Actually, yes, it did. In the requirements for the application interface.

Sidebar

Thursday, August 23rd, 2007

I’ve started linking outbound in my sidebar again. There’s not much point in simply including a list of subscriptions, since I haven’t updated mine, or read much of it, in ages. Instead, if I’ve talked to you recently, where “talk” includes written communications, AND I know what your address is, I’ll link.

Real Work, in the Real World

Wednesday, August 22nd, 2007

Back in May I was elected to the board of directors of the Dalton Farm Homeowners Association, and became co-chair of the grounds committee. What that means is that I’m responsible for ensuring that the grounds are maintained — that the lawn is cut, the weeds pulled, the trees trimmed, the light-bulbs changed — and improved. And then there was the family of skunks. Most of the work is administrative in nature, such as planning, seeking bids, handling contracts, and addressing complaints.

But it’s a wonderful feeling to reach out and touch something you did. Because the results are physical, the work seems so much more real than what I do for a living. I can see the results of my efforts.

Framing the Question

Tuesday, August 21st, 2007

Congress.org, a “facilitator” of civic participation, sends out an e-mail update each week which includes a simplified issue and a simpler survey question. Here’s an example from today’s mail.

Performance Pay for Teachers

In a recent speech, Congressman George Miller, Chairman of the House Education and Labor Committee, proposed “performance pay” for teachers as part of the reauthorization of the No Child Left Behind Law. What do you think?
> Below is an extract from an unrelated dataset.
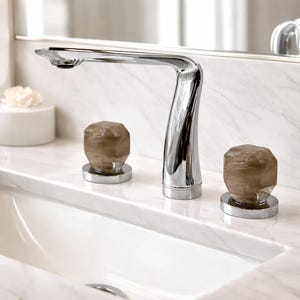 Brass Bathroom Faucet: Dark Rock Crystal Handles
I think Congress should mind their own business, but that’s not the question asked.

Trade-offs

Saturday, August 11th, 2007

The troubling fact is that taking a lot of exercise and then eating a bit more food is not good for the global atmosphere. Eating less and driving to save energy would be better.

Or so says Chris Goodall, Green Party parliamentary candidate for Oxford West & Abingdon, as quoted in The (London) Times [via Eugene Volokh (via David Sucher) and John Massengale].

The troubling fact is that living is not good for the global atmosphere. Dying would be better.

Telephony Substitutes for Transportation

Friday, August 10th, 2007

One oddity of visiting my family in Virginia is that there’s little to no cellular phone coverage in Highland County. This is partially due to the landscape, and partially to the lack of antennae, though some claim it is because of the proximity to the National Radio Astronomy Observatory in Green Bank, West Virginia and another listening post in Sugar Grove. Normally, this is not such a problem, as most residences in the county do have landlines, thanks to the Universal Service Fund. It is a problem if, for example, you’re late to meet your sister three mountains and 30 minutes away just to exchange kids, but then your dad will pass the meeting point at the time you originally planned. But since there’s no cellular coverage, you can’t call to ask him to stop, so you’ll make what would be a duplicate trip.

Robert Jensen, in The Digital Provide: Information (Technology), Market Performance, and Welfare in the South Indian Fisheries Sector (Quarterly Journal of Economics, August 2007) [via The Economist], notes that a significant limitation to fish marketing is that while at sea, fishermen are unable to observe prices at any of the numerous markets spread out along the coast. Further, fishermen can typically visit only one market per day because of high transportation costs and the limited duration of the market. As a result, fishermen sell their catch almost exclusively in their local market. This led to inconsistent supplies along the coast. Some markets would have an abundance of fish, while others none at all. That all changed after the introduction of cell phones. Now the fishermen call ahead to find the most profitable market before they head to shore, and can make course corrections in transit. Supply meets demand, and everyone’s happy.

Local Honey

Thursday, August 9th, 2007

Food doesn’t get any more local than this. My younger sister’s family found they had a hive between the floor joists.